__Task details__: Down to the last line, set down the material below exactly, excluding pictures.

__Given data__:
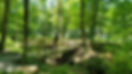 Jones Woods summer bridge dog BPA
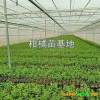 |哪有茂谷柑苗|云南沃柑苗报价表[权威认证]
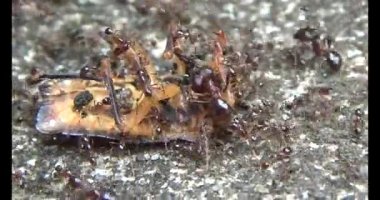 kahverengi pis koku böceği karıncalar tarafından kovalandı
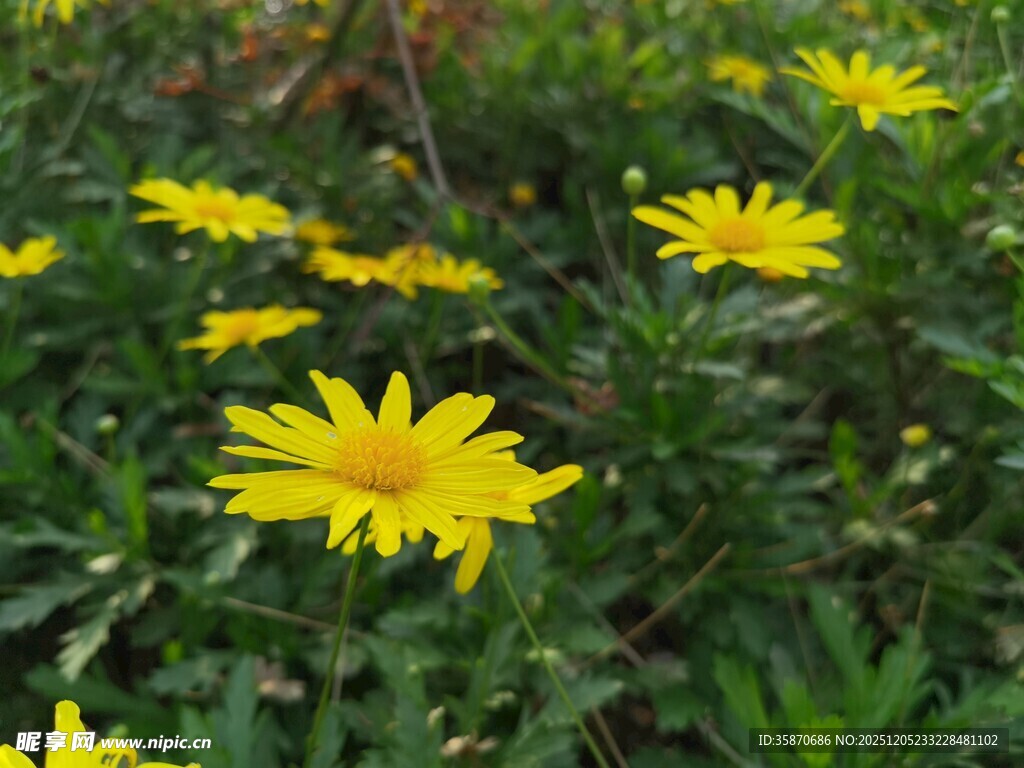 黄色小花绽放于草丛中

__Your response__:
 Jones Woods summer bridge dog BPA
 |哪有茂谷柑苗|云南沃柑苗报价表[权威认证]
 kahverengi pis koku böceği karıncalar tarafından kovalandı
 黄色小花绽放于草丛中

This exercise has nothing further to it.